WHAT YOU WILL DO
If a record contains a picture, skip the picture and transcribe the rest exactly.

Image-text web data
━━━━
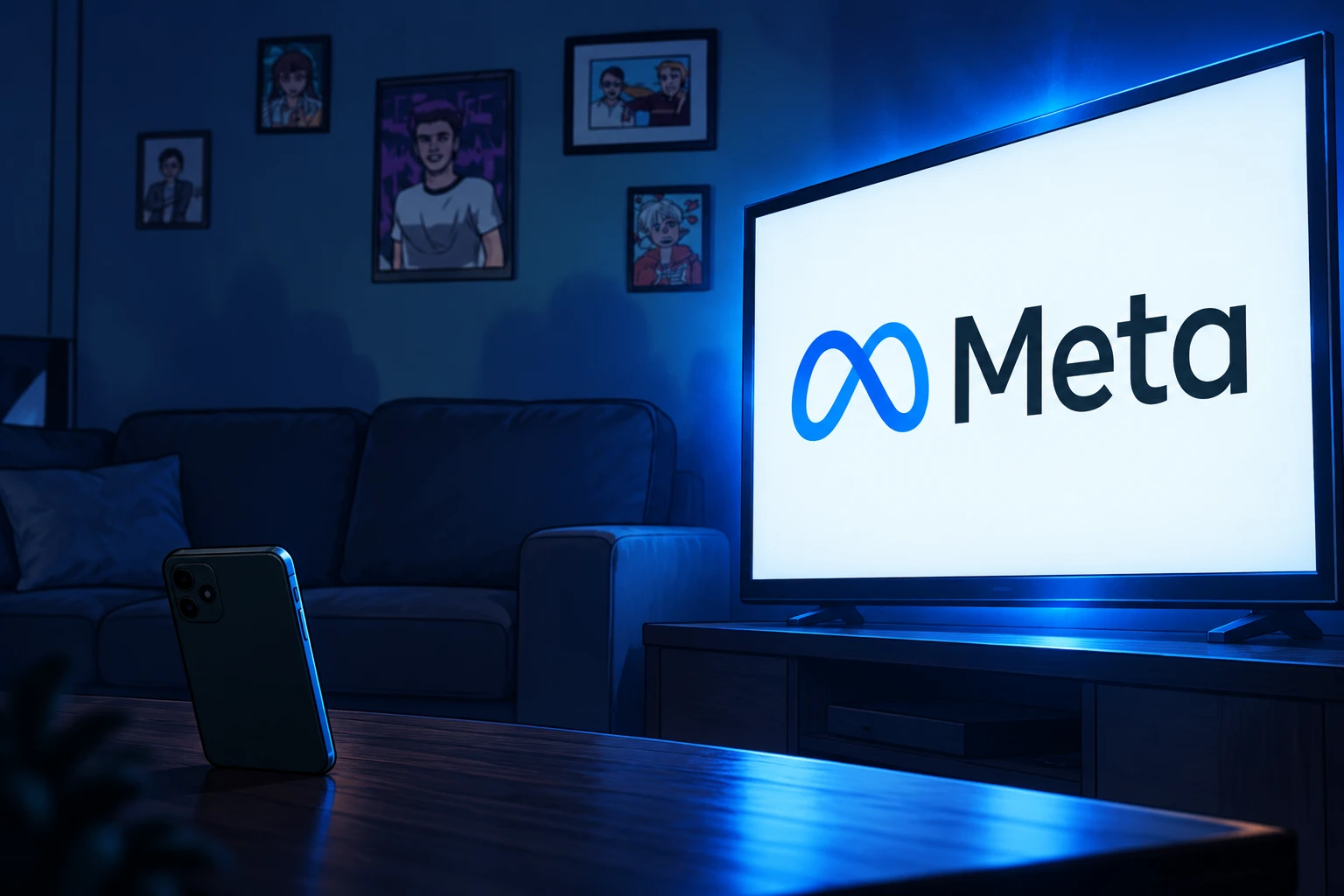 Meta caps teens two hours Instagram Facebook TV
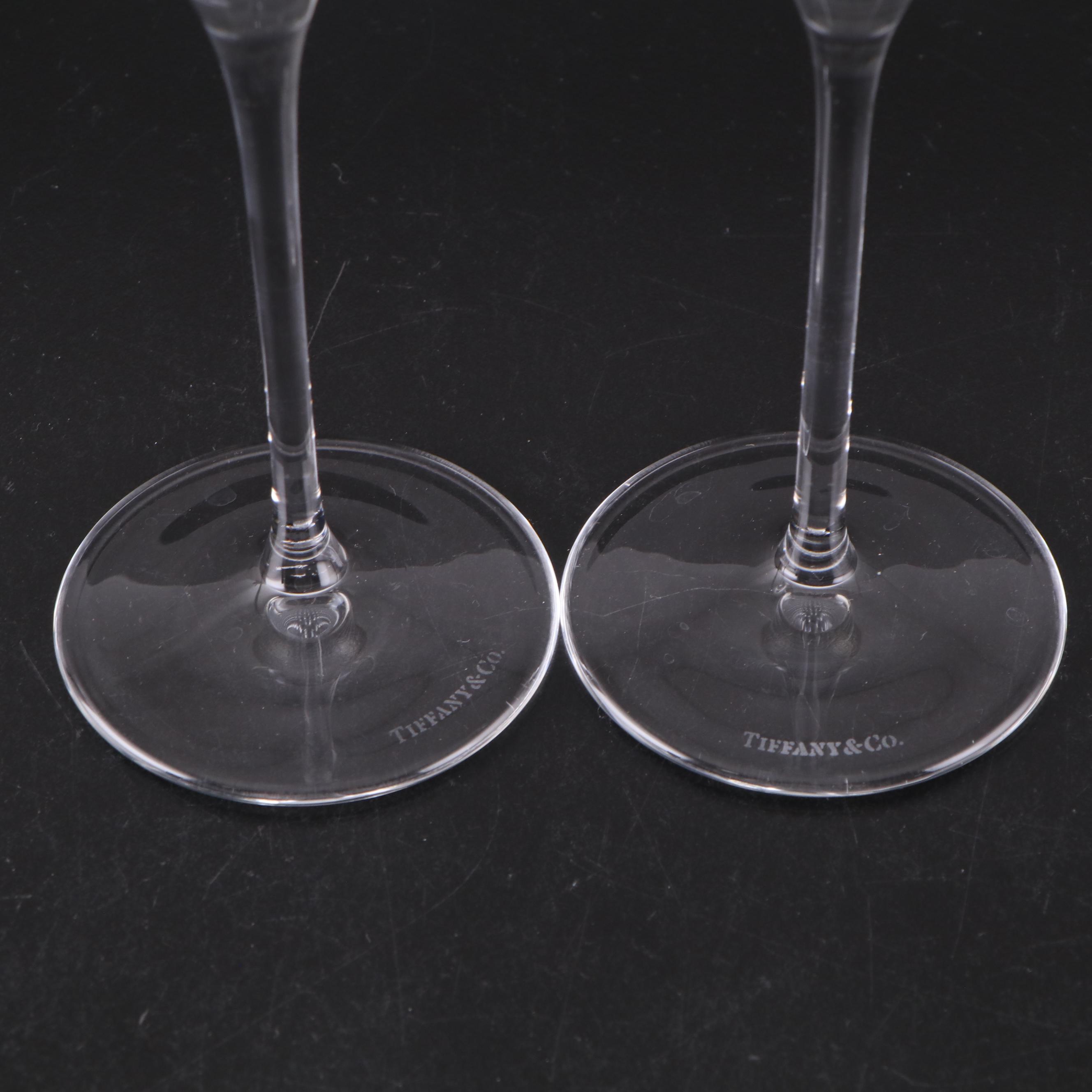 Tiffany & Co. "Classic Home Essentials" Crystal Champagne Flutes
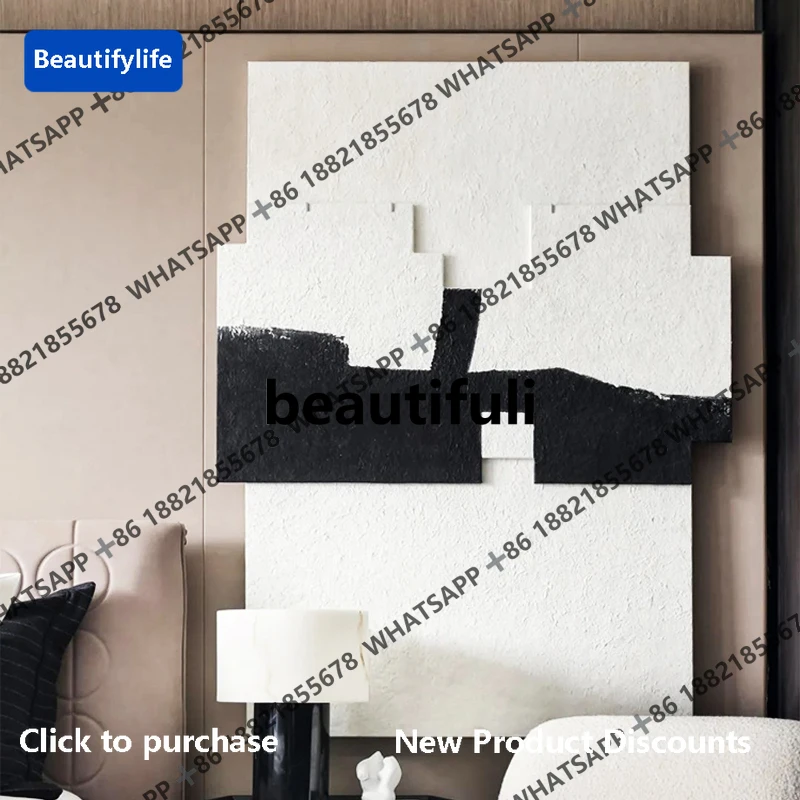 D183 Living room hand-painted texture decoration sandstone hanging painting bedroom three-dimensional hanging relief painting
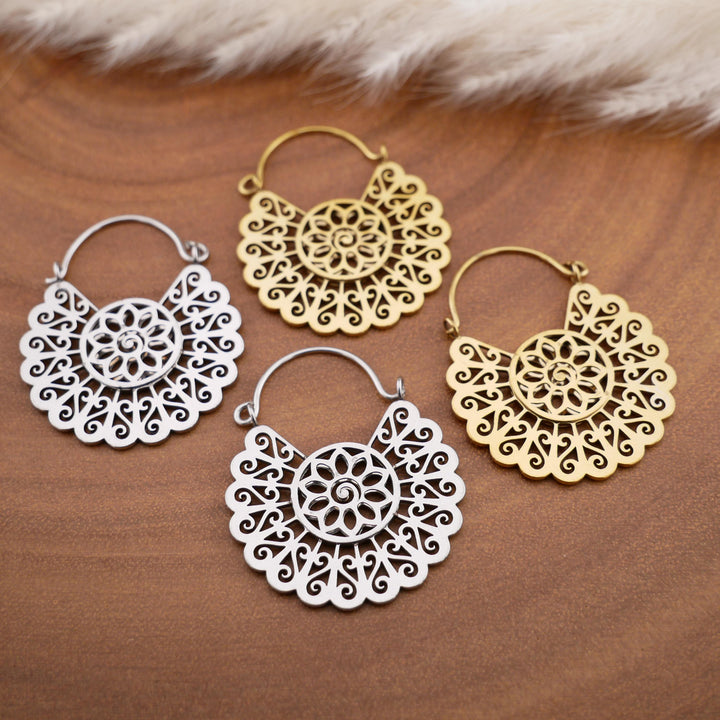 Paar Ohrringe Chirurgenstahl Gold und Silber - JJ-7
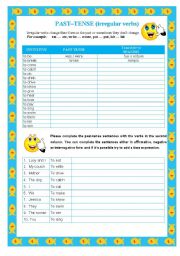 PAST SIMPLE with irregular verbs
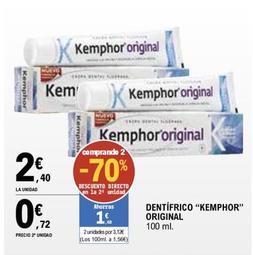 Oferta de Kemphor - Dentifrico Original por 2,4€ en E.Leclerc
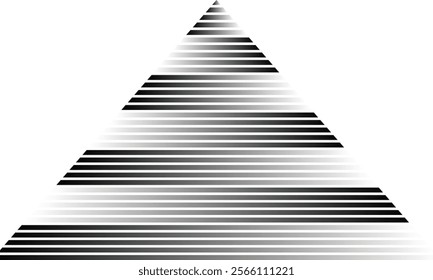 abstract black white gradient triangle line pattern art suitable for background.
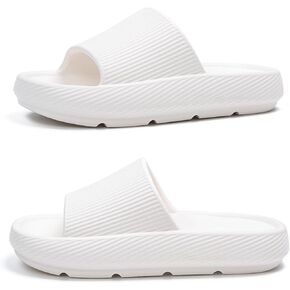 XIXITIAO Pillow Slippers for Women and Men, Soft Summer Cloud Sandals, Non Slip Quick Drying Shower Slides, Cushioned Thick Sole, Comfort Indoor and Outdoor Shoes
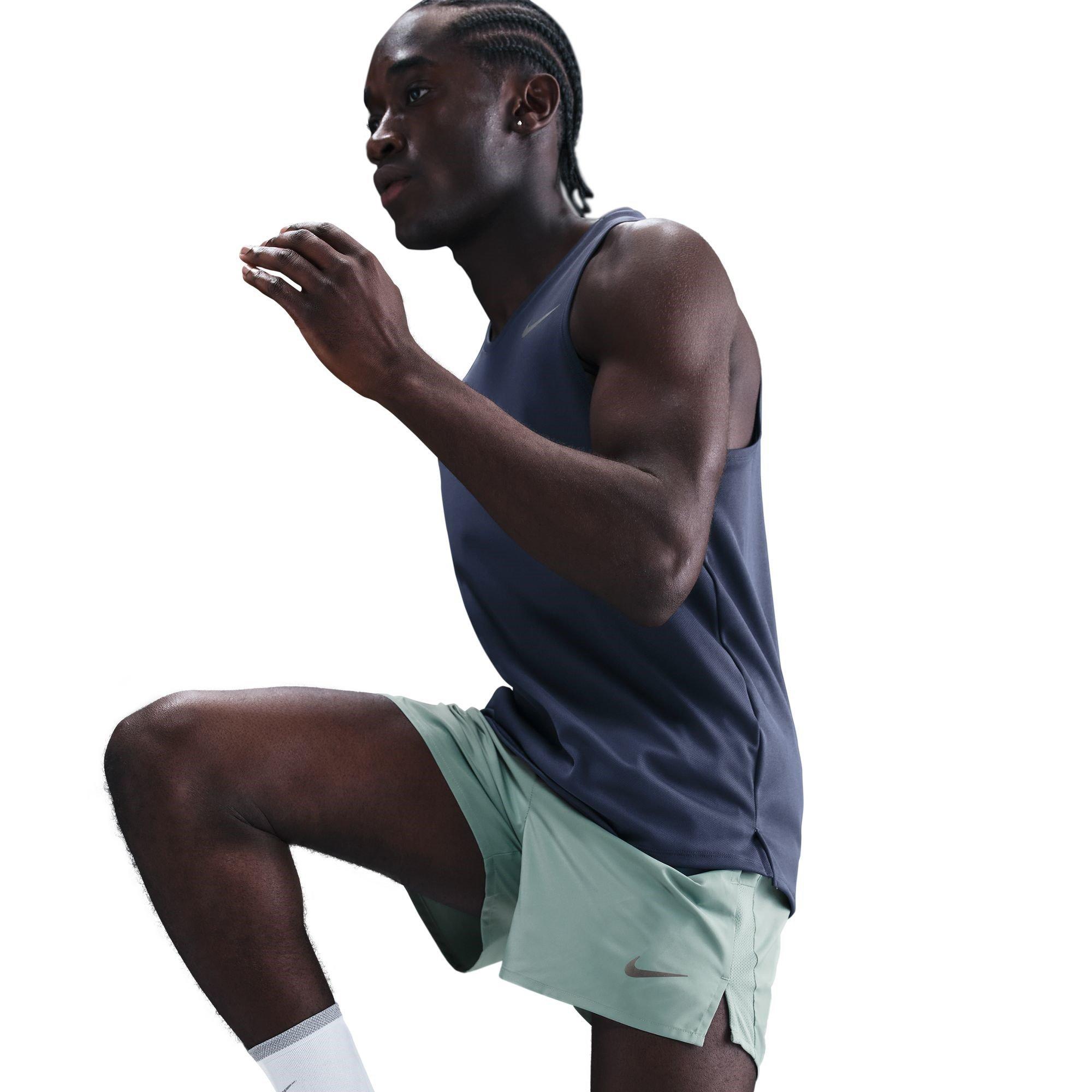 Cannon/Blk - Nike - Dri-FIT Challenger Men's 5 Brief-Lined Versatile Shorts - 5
━━━━
OUTPUT BELOW
 Meta caps teens two hours Instagram Facebook TV
 Tiffany & Co. "Classic Home Essentials" Crystal Champagne Flutes
 D183 Living room hand-painted texture decoration sandstone hanging painting bedroom three-dimensional hanging relief painting
 Paar Ohrringe Chirurgenstahl Gold und Silber - JJ-7
 PAST SIMPLE with irregular verbs
 Oferta de Kemphor - Dentifrico Original por 2,4€ en E.Leclerc
 abstract black white gradient triangle line pattern art suitable for background.
 XIXITIAO Pillow Slippers for Women and Men, Soft Summer Cloud Sandals, Non Slip Quick Drying Shower Slides, Cushioned Thick Sole, Comfort Indoor and Outdoor Shoes
 Cannon/Blk - Nike - Dri-FIT Challenger Men's 5 Brief-Lined Versatile Shorts - 5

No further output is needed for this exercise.